SYLLABUS

DIFFERENTIAL EQUATIONS

MATH 083, Spring 2008

Section 1001 ~ MWThF, 9:00 in CU118

Section 1002 ~ MWThF, 10:00 in CU118

Section 1003 ~ MWThF, 12:00 in Wehr Chem. 002

 

Instructor: Mrs. Mary P. Utzerath, CU 359, 288-5225, mary.utzerath@marquette.edu

 

Office Hours:  M. and W. 2-4 and by appointment.   Please check our class website for changes.

Instructor Office Visits:  For an appointment please see me after class, or call or email.  If my office door is closed tight it means I’m not in or I do not want to be interrupted.  If, outside of office hours, my office door is ajar it’s o.k. to interrupt to make an appointment. 

 

Teaching Assistant (T.A.):  Shivani Ratnakumar, CU361.        shivani.ratnakumar@marquette.edu

 

T.A. Office Hours:  T.4-6, Th. 1-3.

 

Text:  Boyce & DiPrima, Elementary Differential Equations, 8^th ed with ODE Architect CD.  A Student Solutions Manual by Charles W. Haines is available.

 

Calculator:  The official calculator for class discussion purposes is the TI 89.  

 

Stapler:  Homework assignments will be collected every week.  If the pages are not stapled together (paper clips are not an acceptable substitute) you will lose a point. 

 

Course Content:  This course covers methods, models and techniques applicable to first-order differential equations, to second-order linear differential equations, and to second-order systems of first order differential equations.   Basic concepts of linear algebra (determinants, matrix operations) are introduced.  Solution methods include Laplace transforms, infinite series, eigenvalues and eigenvectors.

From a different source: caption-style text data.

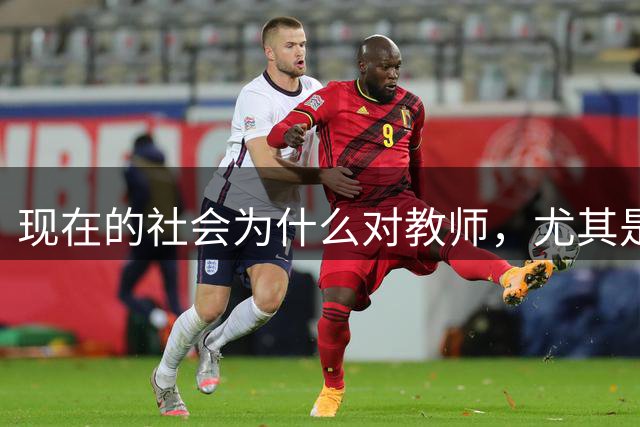 现在的社会为什么对教师，尤其是中小学教师有这么大的恶意？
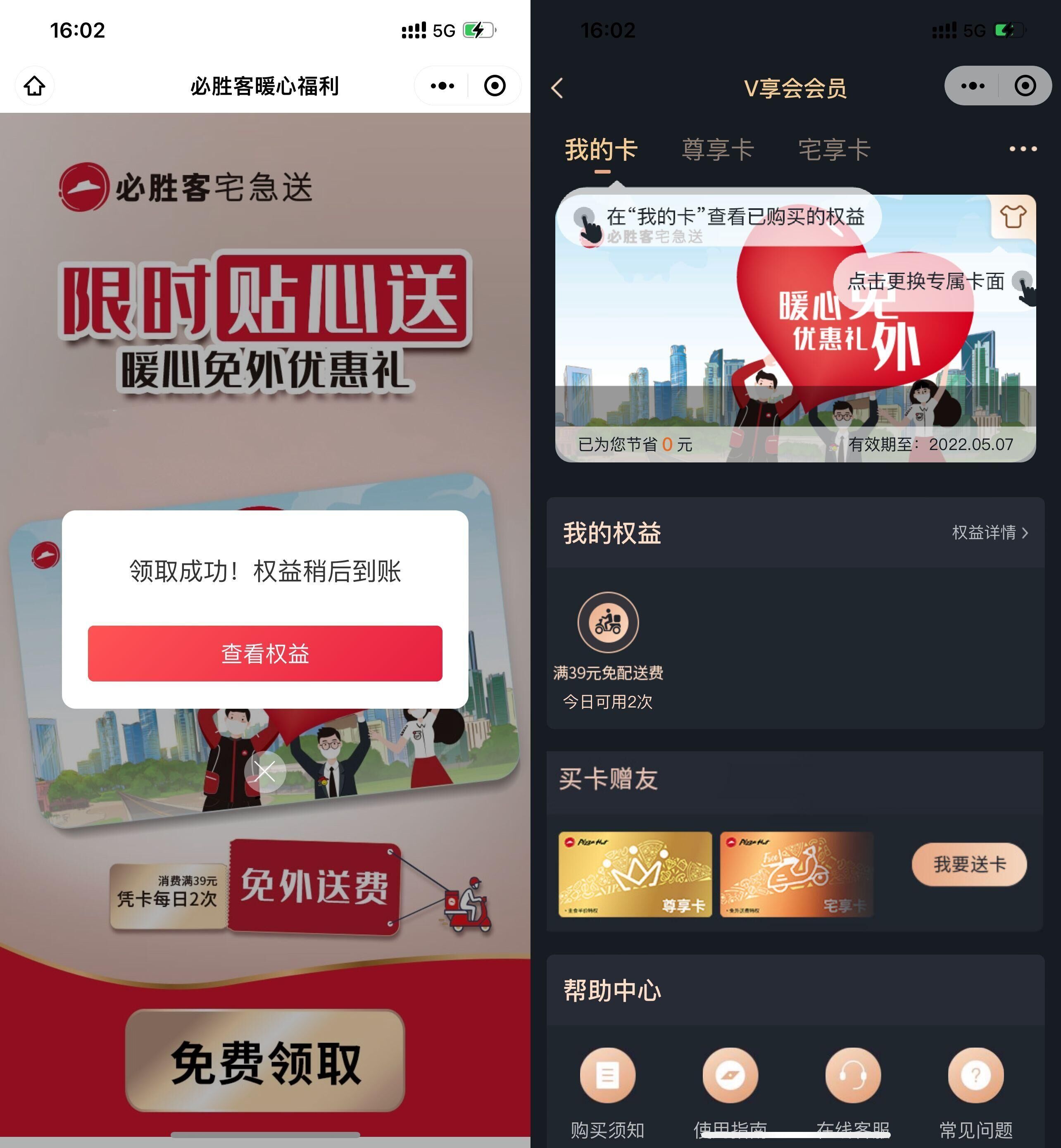 必胜客免费领一个月免配送费卡-小编推荐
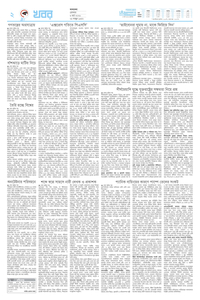 page2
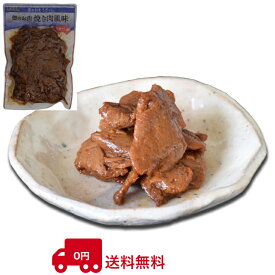 【送料無料】【大豆ミート】【天然だし使用】【常温保存】畑のお肉（焼肉風味）350g×6袋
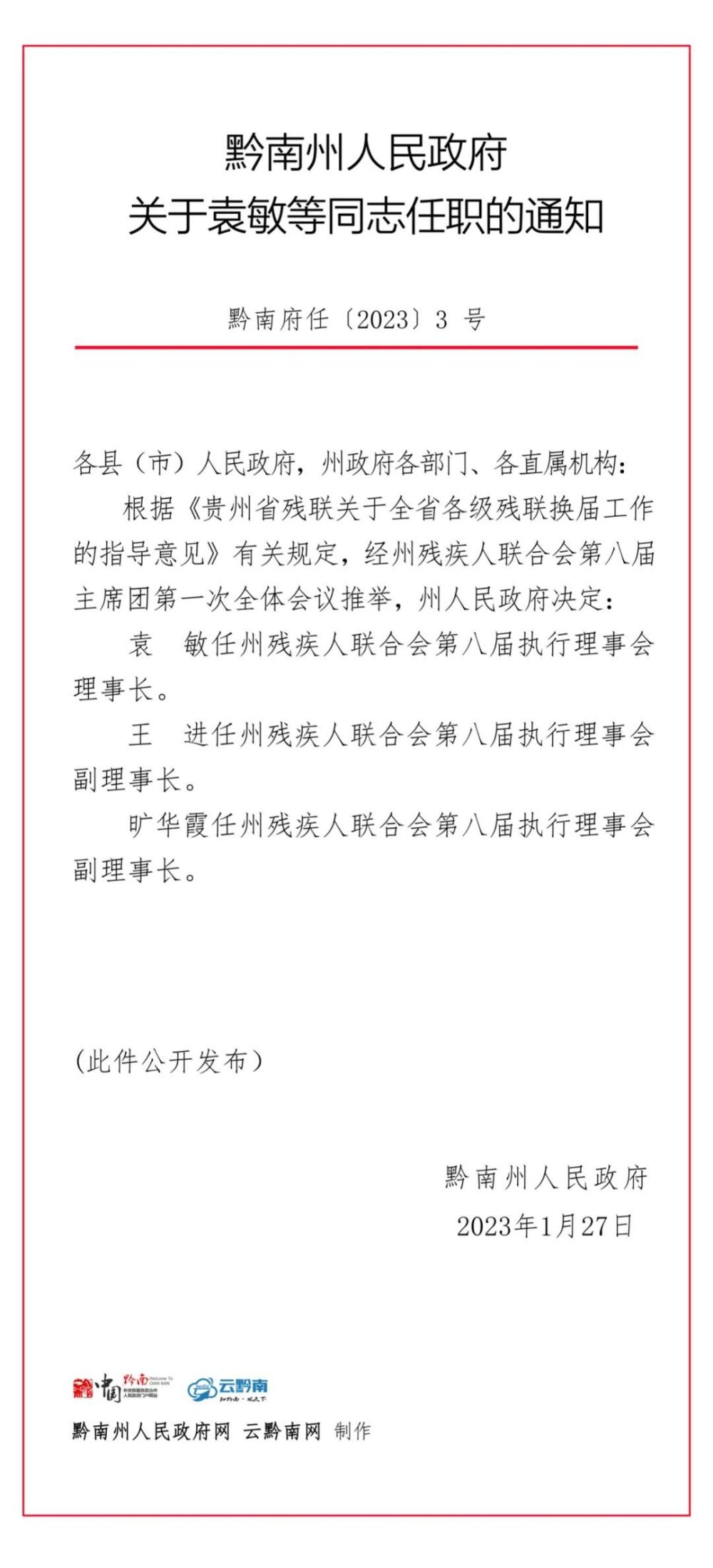 武隆县级托养福利事业单位人事任命动态更新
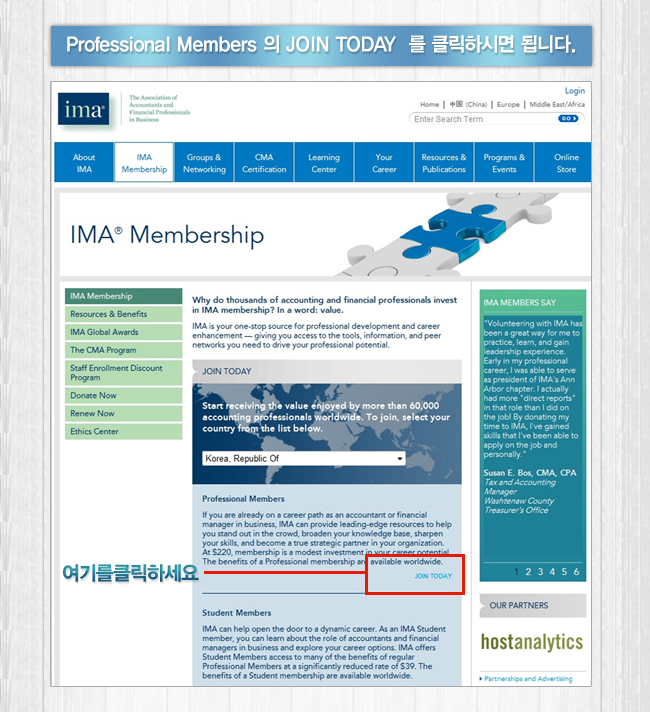 Membership 가입방법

Graphical approaches, such as direction fields and phase planes, and numerical methods are introduced.  A variety of applications and models are studied.  These topics correspond to portions of Chapters 1- 8 of the text.

 

Objectives:    Students should understand the basic components of the modeling process and how to apply differential equations to model various empirical behaviors.   Students should be able to classify common ordinary first-order differential equations and second-order linear equations and apply appropriate methods to solve them.   Students should understand basic second-order matrix and determinant theory, the basic eigenvalue problem, and methods for solving second-order systems of first order differential equations. 

 

Lectures and Course “Handouts”:  All lectures, the syllabus, assignments, and announcements for this course will be posted on the web site www.mscs.mu.edu/~mary/83.html.  You are expected to download, print, and bring lecture materials to class.        

 

Weekly Structure of the Course:  Lectures by Mrs. Utzerath will be given on Mondays, Wednesdays, and Fridays.  Thursday classes, facilitated by Shivani Ratnakumar, are designated for questions, calculator demonstrations, and occasional continuation of lectures. 

 

Attendance:   Attendance is required.  Excessive absences will be penalized.  You are expected to arrive in class on time with the appropriate lecture notes for the class (see above under “Lectures and Course ‘Handouts’ ”), having completed the assigned reading for the current lecture and assigned problems for the previous lecture.  If you miss a class it is your responsibility to obtain and learn the material you missed.  In the event that you miss a class (even for a legitimate reason) please do not ask me or Shivani to “catch you up” or to go over the lecture you missed.  We do not give private lectures or do private tutoring but will be happy to answer your questions only after you have obtained the material you missed and made an attempt to learn it yourself (or with a tutor).  Missing a class is no excuse for turning in a late homework or for not knowing about a change in an exam or date.

 

Withdrawal from Course:  If you intend to withdraw, it is your responsibility to withdraw yourself from the course.   The last day to withdraw with a grade of W is Friday, April 11th.   Do not assume that just because you have stopped attending class you will be automatically withdrawn from the course.  If you quit attending class and do not officially withdraw, you will receive a grade of F. 

 

Tutoring:  It is your responsibility to keep abreast of the course, to master the material covered, and to take the initiative for getting the help you need.  The MUSC Tutorial Program offers tutorial services for Math 083.  This tutoring program will begin the second week of classes.  Students must fill out a Tutor Request Form in AMU 317 before joining a session.  All services are free for the students.  Each session meets for one hour per week with up to five students in a group.  Note that this is not a drop-in-for-tutoring arrangement, although drop-in tutoring hours may be available (students will be informed of this when they sign up for a tutoring session).  In addition to tutorial assistance, the MUSG Tutorial Program offers individual assistance to students who would like to improve their study skills.  For more information see the MUSG website at http://www.mu.edu/oses.

 

Ethics and Behavior:  High standards of personal conduct and consideration of others are required in order to create a classroom climate conducive to learning.  Cell phones should be turned off.  Gum chewing must be quiet.  Eating is not allowed.  Instances of academic dishonesty will be handled in accordance with College policy, and may lead to expulsion from the University.  These instances include, but are not limited to:

·      The illegitimate use of materials (such as crib sheets or phones, etc.) in any form during a quiz or examination.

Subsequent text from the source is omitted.